Last month, I wrote an op-ed taking a critical eye to the globalization strategy of Bytedance, the Beijing-based parent company of ultra-popular Chinese news aggregation platform Jinri Toutiao. Riding a soaring valuation, Bytedance has stated its ambitions to apply their sophisticated AI-based recommendation engine to platforms aimed at overseas markets. In an ideal situation, this technology produces a win-win-win-win scenario in which readers get tailored content, creators reach the right audiences, advertisers efficiently reach their target market, and Bytedance cashes in as well.

While the platform and those in charge of it were certainly not intentionally creating a place for fake news, the issues with the platform come at a time when sensitivity around news content, and its relationship with the online platforms that distribute it, is particularly high. Western democracies are growing increasingly concerned over foreign governments’ attempts to influence voters through online media. For a Chinese news aggregator to succeed in entering those markets at this time, careful navigation will be required.

That being said, there are areas of the overseas internet in which Bytedance’s aggregation and recommendation competencies are sorely needed, and are not particularly sensitive. They just need to pick their spots. 

Bytedance’s global acquisitions

In their globally-focused acquisitions, they have made thus far, Bytedance has targeted China-connected firms with overseas popularity. In 2017, they acquired France-based news app News Republic from Chinese company Cheetah Mobile, who had acquired them the previous year. The crown jewel of their shopping spree, however, was undoubtedly, the Shanghai-based video app that took off with Western teenagers in 2016 and 2017, and for which Bytedance reportedly spent anywhere from $800 million to $1 billion. The acquisition makes sense. The videos on the app are mostly short, fun, and light, and since there is little political sensitivity around their subject matter, it is feasible that they could be a rare app to achieve a large userbase both inside and outside of China.

That being said, teens are fickle, and business models that focus on them can struggle in achieving sustainable success. Take Snap for example, who after IPO-ing at 25 dollars per share a year ago, has been trading mostly in the teens since June of 2017. Its stock plummeted again in late February after reality TV star Kylie Jenner declared it “dead” on Twitter.

Bytedance needs audio, and audio needs Bytedance

But where Bytedance may be most needed, and where their greatest overseas opportunity may be, is in audio. In fact, they are possibly better suited than anyone else to entirely revolutionize the podcast industry.

For those of you who don’t know what a podcast is…

Podcasts are downloadable audio files, most of which listeners enjoy on their smartphones. Most last anywhere from 20 minutes to 3 hours. Some focus on story-telling, others on news, but most popular ones involve in-depth interviews with experts or public figures.

Since podcasts are quite cheap to produce, it means just about anyone can start a podcast, on just about any topic. I recently was a guest on marketer Lauren Hallanan’s “China Influencer Marketing Podcast,” an English-language podcast which focuses on influencer marketing on Chinese social media platforms. A niche within a niche within a niche.
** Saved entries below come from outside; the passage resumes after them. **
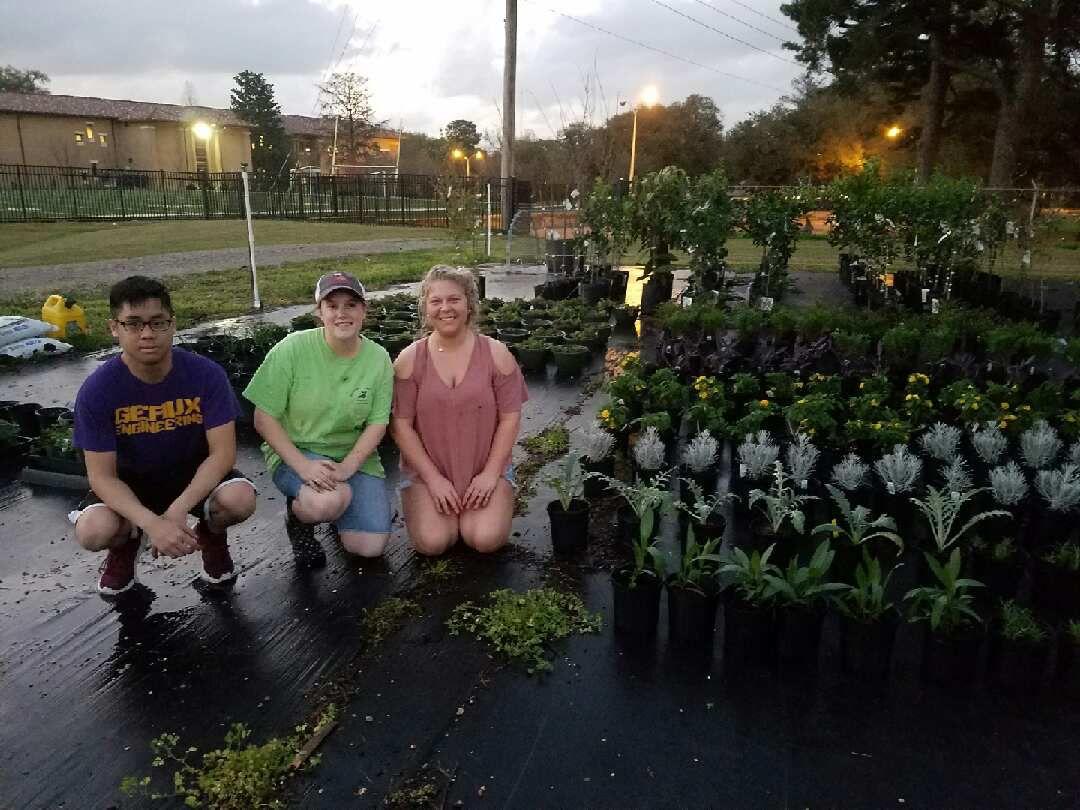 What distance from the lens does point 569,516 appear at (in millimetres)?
3133

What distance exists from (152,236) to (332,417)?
18898mm

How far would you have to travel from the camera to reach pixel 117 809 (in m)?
1.90

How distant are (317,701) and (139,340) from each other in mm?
1331

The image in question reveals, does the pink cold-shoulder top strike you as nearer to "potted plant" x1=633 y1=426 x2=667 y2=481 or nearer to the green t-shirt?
the green t-shirt

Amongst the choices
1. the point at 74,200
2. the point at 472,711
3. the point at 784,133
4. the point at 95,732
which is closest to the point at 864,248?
the point at 472,711

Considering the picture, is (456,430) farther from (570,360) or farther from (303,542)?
(570,360)

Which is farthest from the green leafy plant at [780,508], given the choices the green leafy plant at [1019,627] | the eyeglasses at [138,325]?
the eyeglasses at [138,325]

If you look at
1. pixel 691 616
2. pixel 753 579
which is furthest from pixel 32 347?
pixel 753 579

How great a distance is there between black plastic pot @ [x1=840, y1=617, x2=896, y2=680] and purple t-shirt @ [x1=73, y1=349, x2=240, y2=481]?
2.26m

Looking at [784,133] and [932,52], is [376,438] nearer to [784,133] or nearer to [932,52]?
[932,52]

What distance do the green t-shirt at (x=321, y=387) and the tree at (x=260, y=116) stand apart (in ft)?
158

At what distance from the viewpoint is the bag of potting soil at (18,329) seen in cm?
638

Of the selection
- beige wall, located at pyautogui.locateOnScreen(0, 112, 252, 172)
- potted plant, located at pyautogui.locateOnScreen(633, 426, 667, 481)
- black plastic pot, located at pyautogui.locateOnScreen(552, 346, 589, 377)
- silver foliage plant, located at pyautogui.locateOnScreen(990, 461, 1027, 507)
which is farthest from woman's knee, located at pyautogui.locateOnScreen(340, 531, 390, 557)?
beige wall, located at pyautogui.locateOnScreen(0, 112, 252, 172)

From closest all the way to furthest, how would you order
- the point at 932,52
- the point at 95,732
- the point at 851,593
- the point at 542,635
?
the point at 95,732 → the point at 851,593 → the point at 542,635 → the point at 932,52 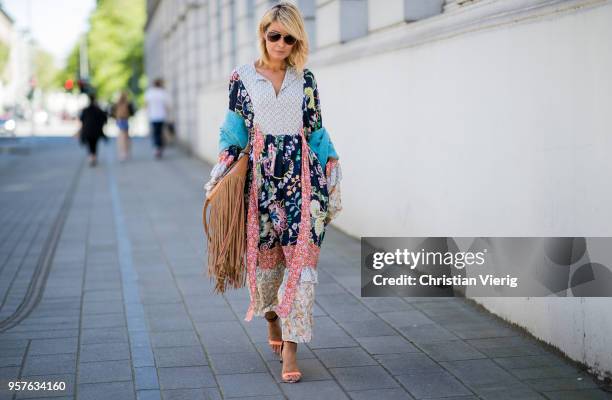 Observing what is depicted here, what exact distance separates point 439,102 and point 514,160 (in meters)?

But for the group of people for whom that topic is important, the information shared on Lauren’s podcast is pure gold.

Podcasts also hold tremendous influence and advertising potential. “From an advertising perspective, you have the listener trapped,” explained Bill Simmons, founder of The Ringer, a Los Angeles-based media platform which, according to Simmons, is achieving profitability primarily from the ad revenue of their robust network of sports and culture podcasts. “If someone is listening to your podcast while they’re exercising or doing dishes, they’re not going to stop what they’re doing in order to fast-forward while you talk about a sponsor for 30 seconds.”

Podcasts have become a central component to just about every major media company in the English-speaking world. From CNN to Vox to The Wall Street Journal, if a media company isn’t producing podcasts, they’re falling behind. For many of these companies, there are fewer rights restrictions on their audio content. For example, while the New York Times website limits me to ten articles per month before asking me to pay for a subscription, I can listen to their daily podcast, aptly named The Daily, for free, without limits. The same principle applies to aggregation platforms. While many media outlets seem to be getting stingier about allowing their articles to be accessed through other platforms, this doesn’t seem to be the case with podcast aggregation platforms.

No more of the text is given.